Good. I should have included asking if your brake lights work properly with and without the emergency flashers on. Applying the brake should override the rear flashing lights.
It's a process of elimination. If your lights work properly under that specific state that tells me a couple things -
1. Your lights have an adequate ground because the brake, turn signal & flasher all use the same bulb element and wiring.
2. Your turn signal switch, at rest only, is OK.
3. Your emergency flasher is good.
Now, there are two issues to deal with. There may be some commonality but the responsibility of the steering column /mechanism harness to honk the horns is to deliver a ground potential to the horn relay via the black/tracer wire from the column. But, when it comes to the lights, the turn signal mechanism switches (+) positive potentials only.
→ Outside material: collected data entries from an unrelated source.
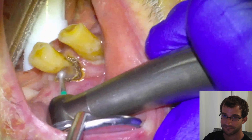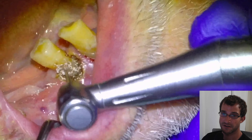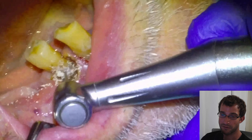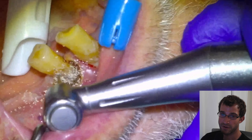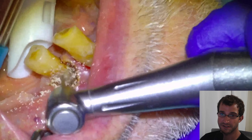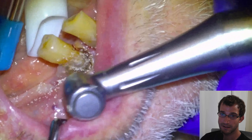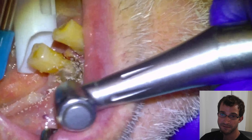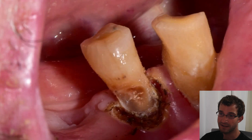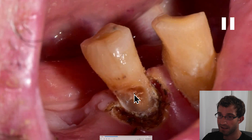Once we have good access to the lesion, we'll use a high speed for the gross reduction and then a slow speed for the fine reduction. This is basically just the part where we are removing soft tooth tissue until it feels hard to tactile sensation with the small slow speed handpiece. I like to use the small round carbide on a slow speed as my caries indicator basically by pressure. Sometimes we'll leave a little bit of affected dentin at the pulpal aspect of the preparation just so that we don't punch into the nerve.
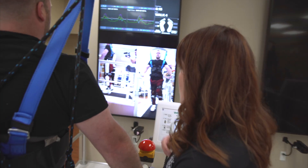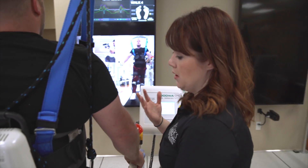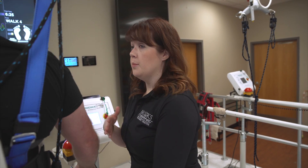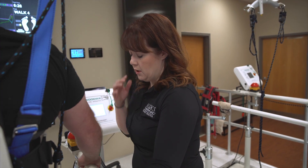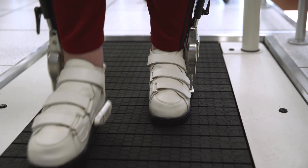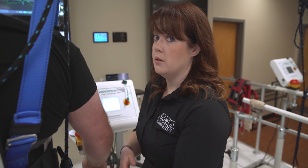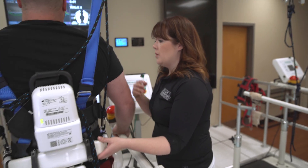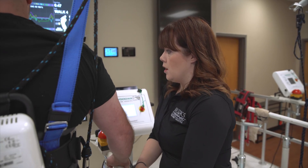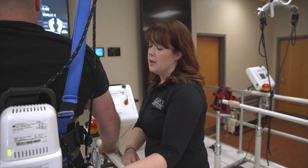We've got cameras — one in the front so that he can have a front view, which is particularly important for weight shift and just to keep a sense of where their body is. Particularly when someone doesn't have sensation, having that visual feedback is really important for them to be able to make corrections to their step or their posture that they may not be able to feel. We also have the side view camera, which is particularly important for step length and also posture, to help make those corrections.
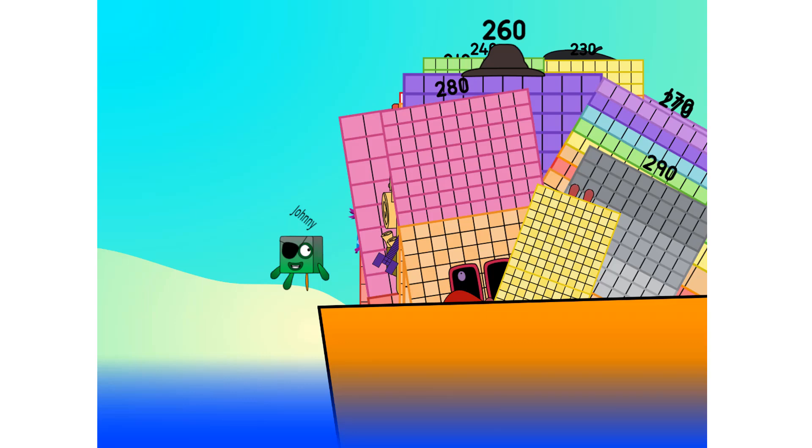That's it, mates — 300. This is all I've got room for. Let's weigh anchor and cast off.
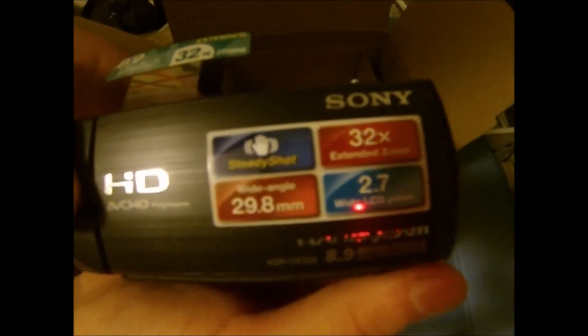That's basically it. It's got a 2.7 inch screen, and there's all that stuff there — that's where you put your battery in.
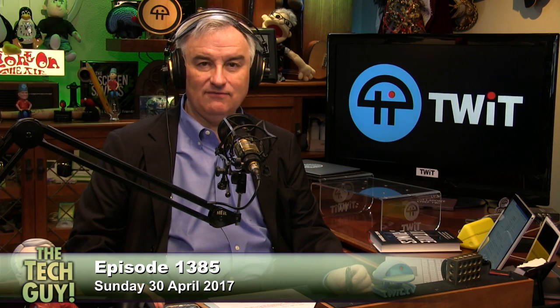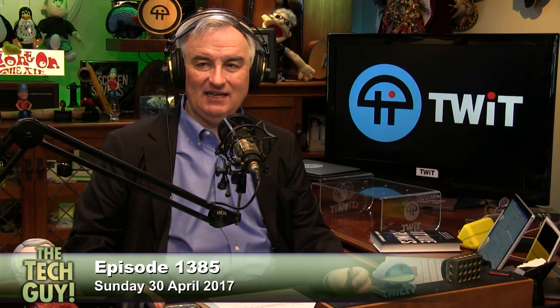That lovely music means it's time once again for Chris Marquardt, our photo guy. Chris is a professional photographer. He works in a variety of media, including film and digital, and stops by every week to help us with our digital photography. He hosts the Tips from the Top Floor podcast at tfttf.com.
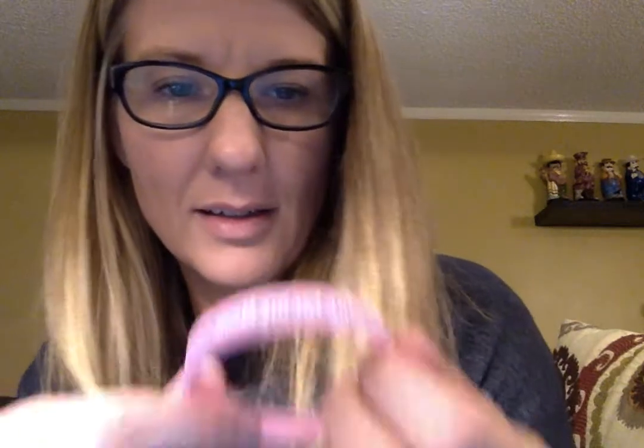The next one I wanted to show you is a screen printed. You can see the letters are actually printed right on top of the band. It's very simple — this is the least expensive type of band to do. They don't come off, they're very durable, but it's just printed right on top of the band.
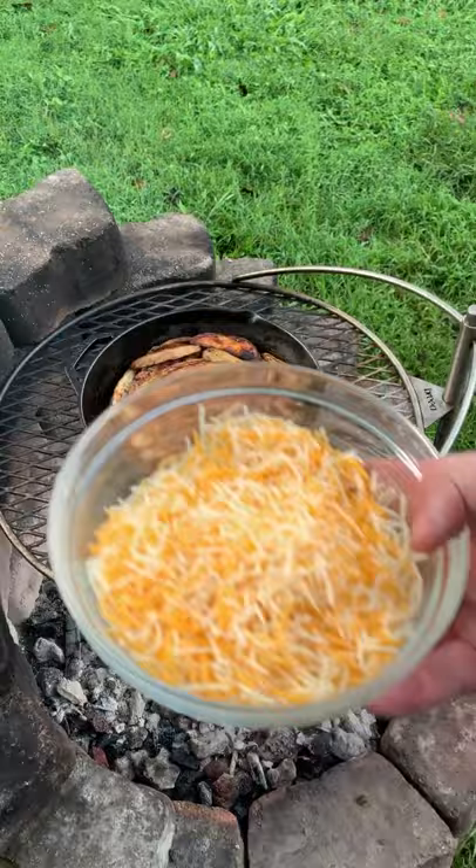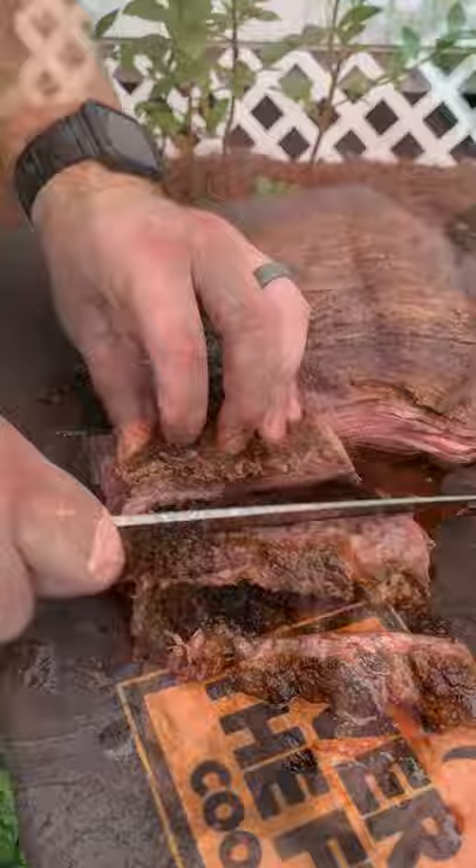Added the potatoes into a skillet, covered it in cheese, sliced into that flap steak against the grain, and added that to the cheesy potatoes.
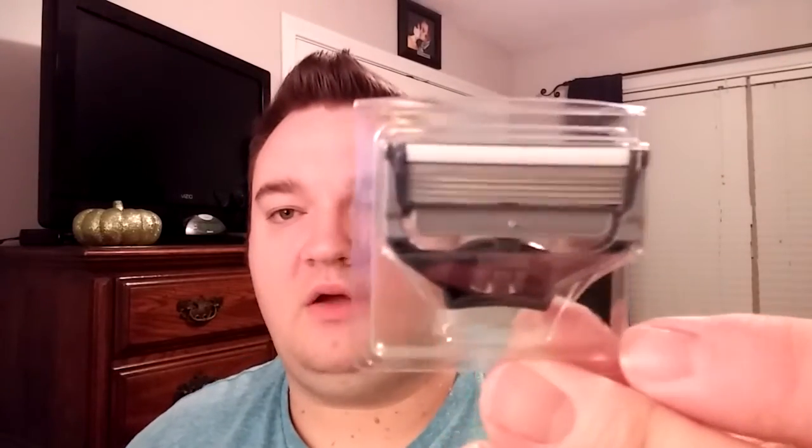Next thing in here is this little box, and this little box contains two spare razor heads. These are individually packaged.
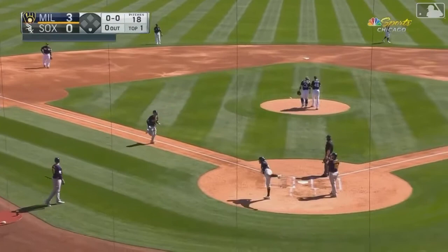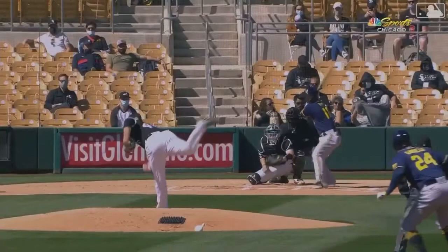Well, that was a slider that stayed over the middle of the plate, and it showed you just how strong he is — there's no doubt about that — because he hit it into the teeth of that wind and it went out by plenty.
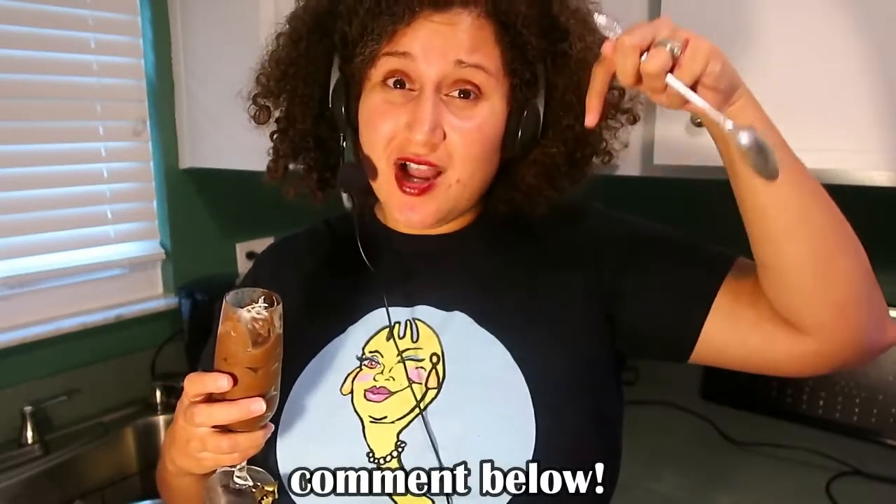If you have ever made any kind of avocado mousse, definitely comment below. If you make this one, comment below — I'd love to hear your thoughts. If you like my content and you like this video, go ahead and press that like button, subscribe below, and share this video with all of your friends, families, and neighbors. It would mean the world to me. Have a great day — I'll see you next week, bye, take care!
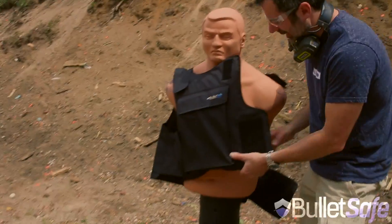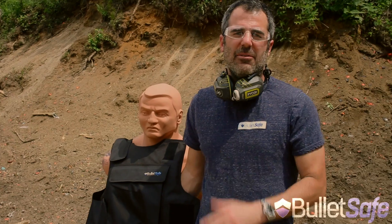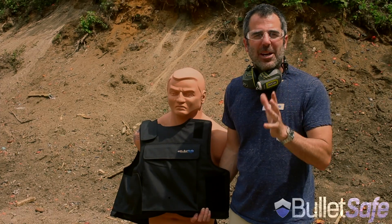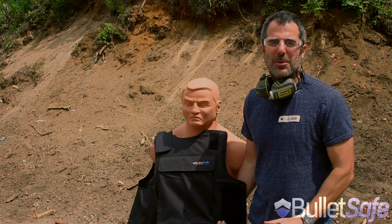Alright, let's take a look. Well, it definitely is in there. Last time we did a .50 cal, it was seven layers inside the 40 layers of the vest. Now we're going to use that same round on other objects just to prove to you how bulletproof a bulletproof vest really is. Thanks for watching.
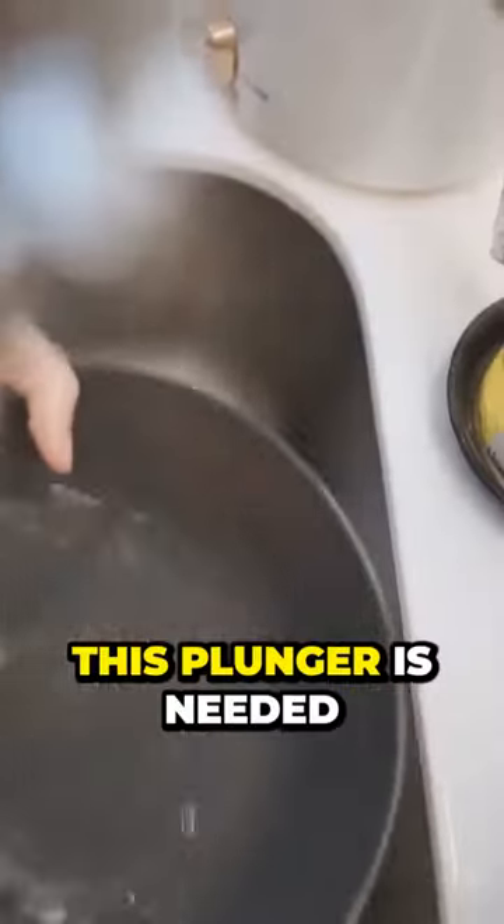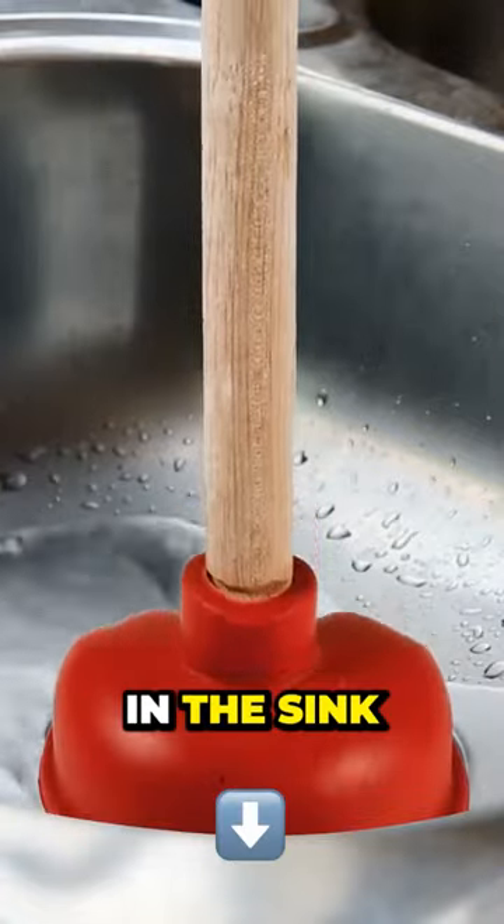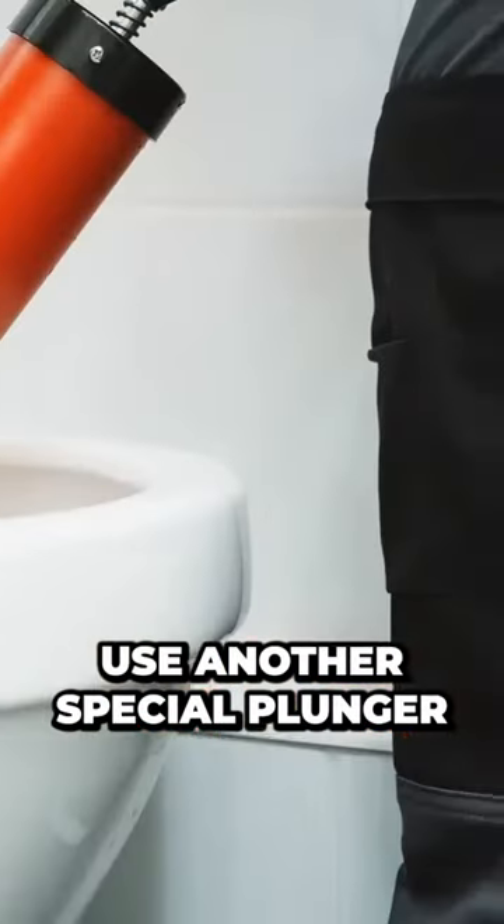In fact, this plunger is needed to eliminate a blockage in the sink. For the toilet, you need to use another special plunger.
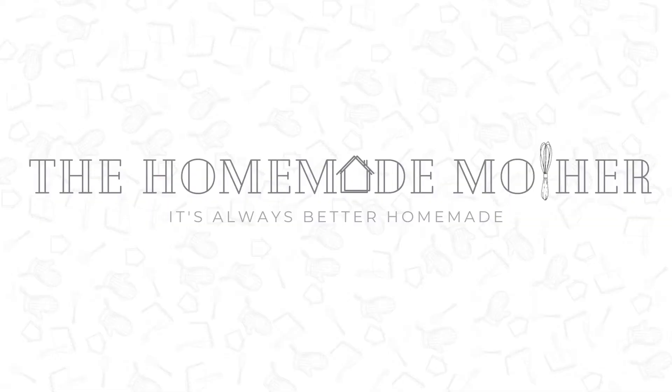Welcome to The Homemade Mother. My name is Jasmine and this is my channel. Welcome back everybody. Today is our final trial and error video.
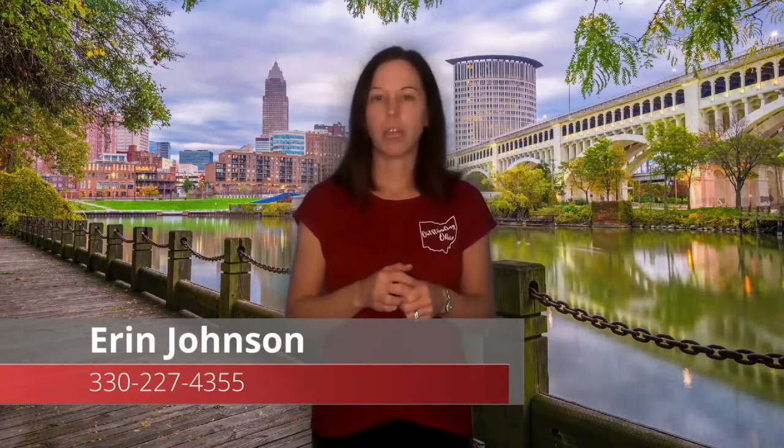And lastly, if you're moving or thinking about relocating to Akron or Cleveland or any of the surrounding suburbs, give me a call and let's chat. I'd be happy to answer any questions you have about the area and set you up with a custom home search based on your criteria. Without further ado, here's your Outstanding Ohio video.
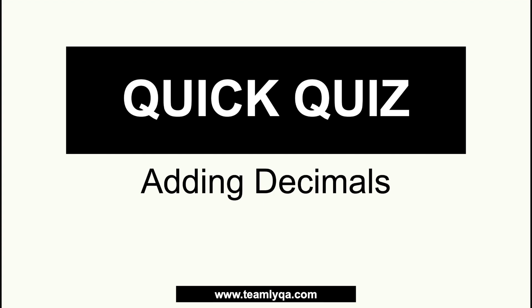Now, the best way for us to check if you really understood is through a quick quiz. We have 3 questions here. I'm going to give you time to solve them, and then at the end of the time I give you, we're going to solve them together. If you're ready with your pen and paper, your timer starts now.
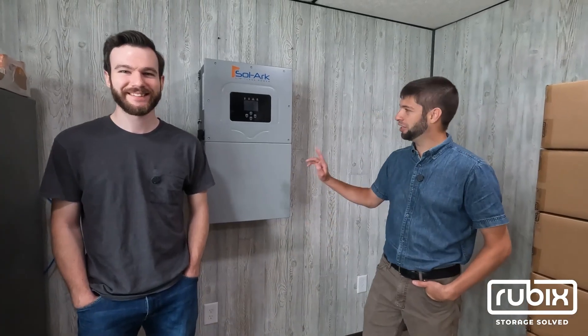Hi, I'm James. I'm David. Today we're going to show you how to install a 15 kW solar converter paired with a 70 kilowatt hour Rubik's battery bank. It's easy. Let's do it.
I've looked at the video many time but I just cannot see it clearly enough. There are some things to keep in mind. First, the emergency flasher is a different circuit and feeds the turn signal mechanism on a different lead than the turn signal flasher. The turn signal mechanism's responsibility is to actuate the turn signal flasher and to route that signal to the appropriate rear lamp while maintaining the brake signal integrity to the opposing rear lamp and flash only signal to the front lamps. That's a lot but you have neither left or right signals which have different contact positions within the turn signal mechanism. The common point is the toward the turn signal flasher.
That's not saying your old turn signal mechanism is good by any means but it is important to understand that the mechanism/harness have different jobs, some easy like the horn (-) and some complicated like switching certain signals to some bulbs while maintaining other signals to the rest (+).